Parallèlement à des changements abrupts au sein de la bourgeoisie turque en général, l’aile ayant des affinités islamistes a elle aussi beaucoup changé. L’aile industrielle de la bourgeoisie turque s’est muée en capitalisme financier par un processus qui a débuté dans les années 1960 et 1970 et qui a mûri dans les années 1980. Dans la situation crée par le libéralisme, la politique de marché et la mondialisation de la production, une partie du capital islamiste lui-même s’est développé et a pris le statut de capital financier.

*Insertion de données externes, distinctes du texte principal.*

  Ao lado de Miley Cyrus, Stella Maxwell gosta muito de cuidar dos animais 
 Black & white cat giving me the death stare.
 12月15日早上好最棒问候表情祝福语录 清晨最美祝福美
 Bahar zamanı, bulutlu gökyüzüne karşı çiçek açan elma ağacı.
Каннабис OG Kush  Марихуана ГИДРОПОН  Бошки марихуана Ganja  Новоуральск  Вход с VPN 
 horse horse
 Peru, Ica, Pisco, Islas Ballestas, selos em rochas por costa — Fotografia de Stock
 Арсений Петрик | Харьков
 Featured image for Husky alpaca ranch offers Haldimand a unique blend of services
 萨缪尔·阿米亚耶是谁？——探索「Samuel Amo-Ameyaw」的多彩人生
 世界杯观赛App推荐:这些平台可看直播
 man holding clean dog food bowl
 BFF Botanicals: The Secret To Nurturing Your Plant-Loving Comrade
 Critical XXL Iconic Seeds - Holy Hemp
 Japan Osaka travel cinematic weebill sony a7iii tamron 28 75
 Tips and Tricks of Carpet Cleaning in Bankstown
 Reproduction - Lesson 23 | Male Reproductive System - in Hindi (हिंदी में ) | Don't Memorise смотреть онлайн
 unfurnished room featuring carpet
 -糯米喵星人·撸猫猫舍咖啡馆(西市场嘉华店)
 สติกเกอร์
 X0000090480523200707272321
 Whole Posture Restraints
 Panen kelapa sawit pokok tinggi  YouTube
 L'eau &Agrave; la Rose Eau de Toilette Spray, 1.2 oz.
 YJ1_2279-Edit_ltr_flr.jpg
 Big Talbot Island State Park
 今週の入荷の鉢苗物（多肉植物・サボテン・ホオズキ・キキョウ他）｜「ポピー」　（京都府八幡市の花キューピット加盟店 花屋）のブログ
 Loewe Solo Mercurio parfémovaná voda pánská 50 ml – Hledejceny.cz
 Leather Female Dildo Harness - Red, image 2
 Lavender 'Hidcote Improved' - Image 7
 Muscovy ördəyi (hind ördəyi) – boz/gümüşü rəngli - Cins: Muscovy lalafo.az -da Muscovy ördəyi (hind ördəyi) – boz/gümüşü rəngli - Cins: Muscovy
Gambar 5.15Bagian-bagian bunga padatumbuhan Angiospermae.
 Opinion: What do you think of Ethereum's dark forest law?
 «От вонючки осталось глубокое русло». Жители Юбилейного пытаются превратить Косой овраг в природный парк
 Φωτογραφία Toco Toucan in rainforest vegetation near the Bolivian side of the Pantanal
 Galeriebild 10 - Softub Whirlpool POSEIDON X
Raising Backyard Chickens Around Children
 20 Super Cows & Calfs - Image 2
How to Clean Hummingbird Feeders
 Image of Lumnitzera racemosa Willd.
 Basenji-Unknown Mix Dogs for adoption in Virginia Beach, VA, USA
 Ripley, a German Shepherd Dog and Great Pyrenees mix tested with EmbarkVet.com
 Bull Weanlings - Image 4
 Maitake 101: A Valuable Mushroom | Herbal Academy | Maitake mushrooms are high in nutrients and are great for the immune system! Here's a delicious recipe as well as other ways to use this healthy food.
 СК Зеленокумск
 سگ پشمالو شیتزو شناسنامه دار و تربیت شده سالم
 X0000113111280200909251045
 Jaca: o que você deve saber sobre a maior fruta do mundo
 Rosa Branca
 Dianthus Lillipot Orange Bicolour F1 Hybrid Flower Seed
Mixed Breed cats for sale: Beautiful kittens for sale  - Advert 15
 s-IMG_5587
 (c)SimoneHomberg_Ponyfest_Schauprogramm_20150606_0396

La démarche de Turgut Ozal consistant à légaliser les opérations bancaires islamiques en 1983 a joué un rôle important dans ce processus.

Du fait des divisions extrêmes et de la perte de crédibilité et de force des partis « laïcs » — les partis de « centre droit » jadis puissants n’ont aucune représentation parlementaire à l’heure actuelle — seule une force pourrait agir pour le compte de l’aile occidentale du capital financier. Et c’est l’armée. Et du fait des évolutions expliquées ci-dessus, l’armée fait usage du pouvoir judiciaire contre l’AKP en dernier recours.

La révocation par le Conseil constitutionnel d’un gouvernement démocratiquement élu représenterait une attaque massive sur les droits démocratiques et sociaux de la classe ouvrière. Si un régime intérimaire ou un autre régime soutenu par l’armée se matérialise, il va mettre en place des programmes d’austérité plus sévères et aura davantage recours à des mesures répressives pour supprimer les revendications des masses.

S’opposer à l’action du procureur de l’Etat et de la Cour constitutionnelle  ne signifie cependant pas placer sa confiance ou accorder un quelconque soutien à l’AKP et au gouvernement Erdogan. Ces derniers représentent une autre aile de la même classe dirigeante vénale qui, malgré des conflits et des différents sérieux, ne cesse de faire cause commune avec l’armée. Pour défendre les droits sociaux et démocratiques, la classe ouvrière turque a besoin de son propre parti indépendant, et de lutter pour une perspective socialiste internationaliste.